====== THE RECORDS ======

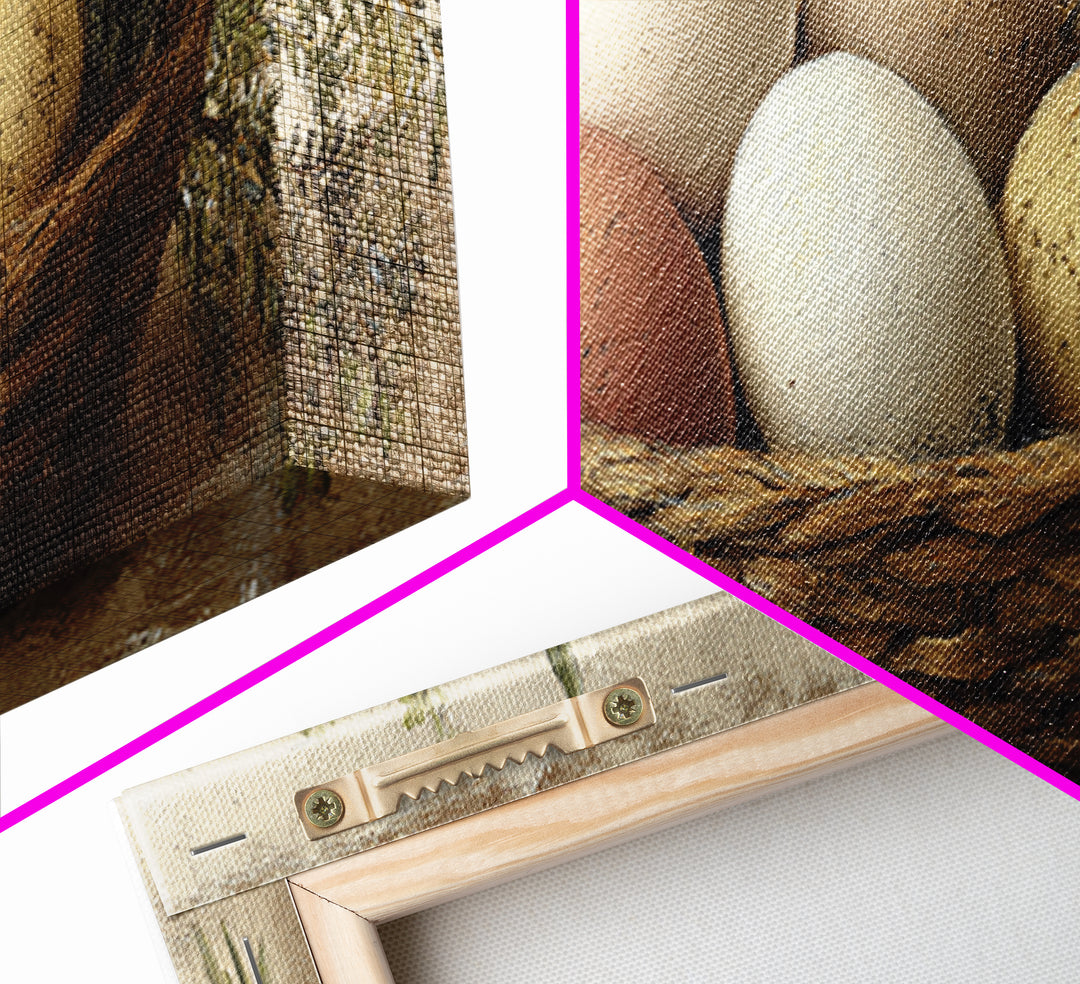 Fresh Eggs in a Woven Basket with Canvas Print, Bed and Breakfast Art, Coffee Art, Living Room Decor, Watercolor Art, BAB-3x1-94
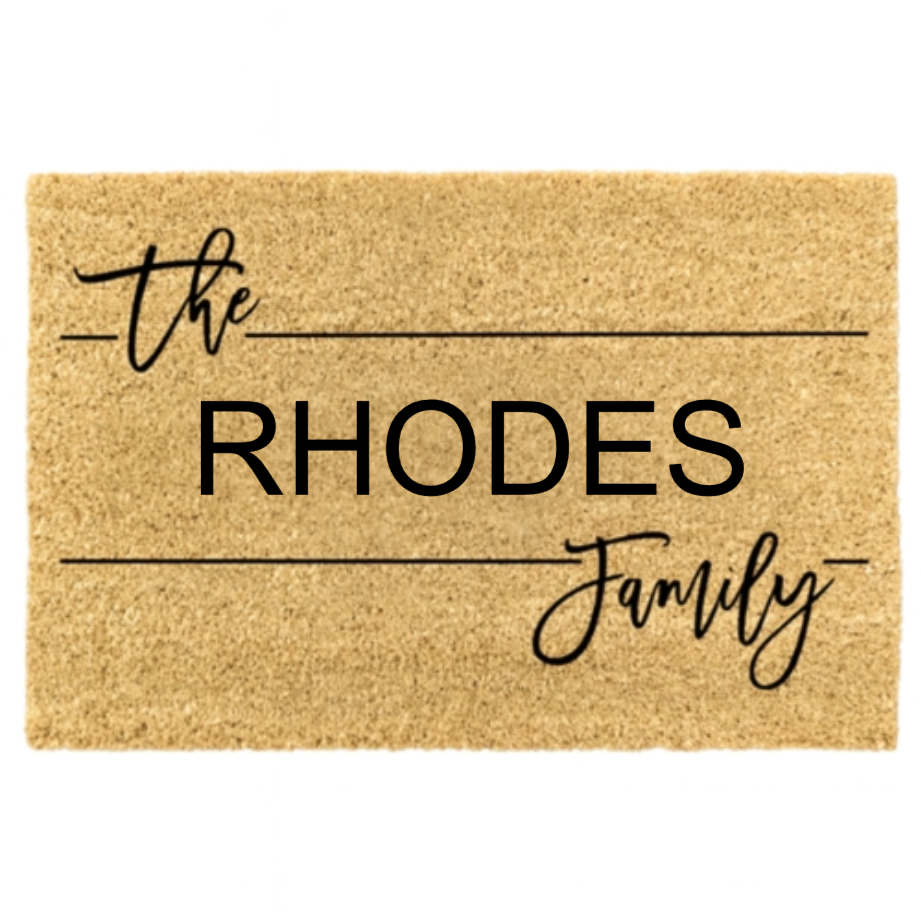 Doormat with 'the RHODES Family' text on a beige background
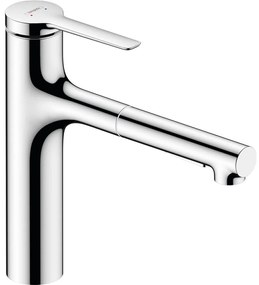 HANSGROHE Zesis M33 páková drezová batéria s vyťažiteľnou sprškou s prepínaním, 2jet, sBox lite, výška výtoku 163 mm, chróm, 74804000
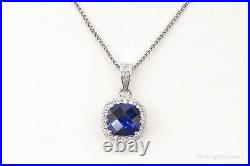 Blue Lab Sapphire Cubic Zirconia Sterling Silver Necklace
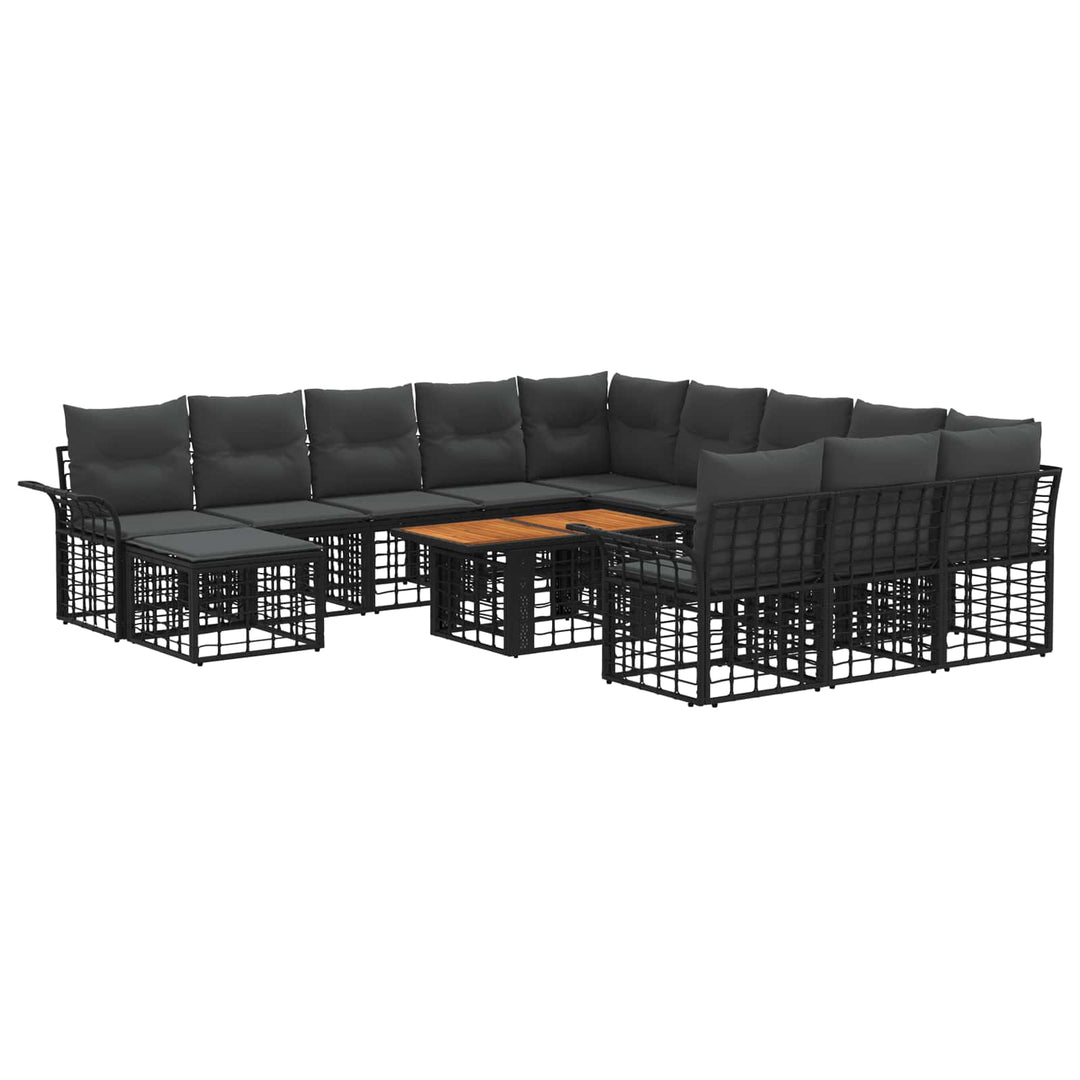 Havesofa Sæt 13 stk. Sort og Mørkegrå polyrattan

======

ACTION ITEM → Give an exact copy of the data, and omit any pictures it holds.

RESULT FOR THIS EXERCISE →
 Fresh Eggs in a Woven Basket with Canvas Print, Bed and Breakfast Art, Coffee Art, Living Room Decor, Watercolor Art, BAB-3x1-94
 Doormat with 'the RHODES Family' text on a beige background
 HANSGROHE Zesis M33 páková drezová batéria s vyťažiteľnou sprškou s prepínaním, 2jet, sBox lite, výška výtoku 163 mm, chróm, 74804000
 Blue Lab Sapphire Cubic Zirconia Sterling Silver Necklace
 Havesofa Sæt 13 stk. Sort og Mørkegrå polyrattan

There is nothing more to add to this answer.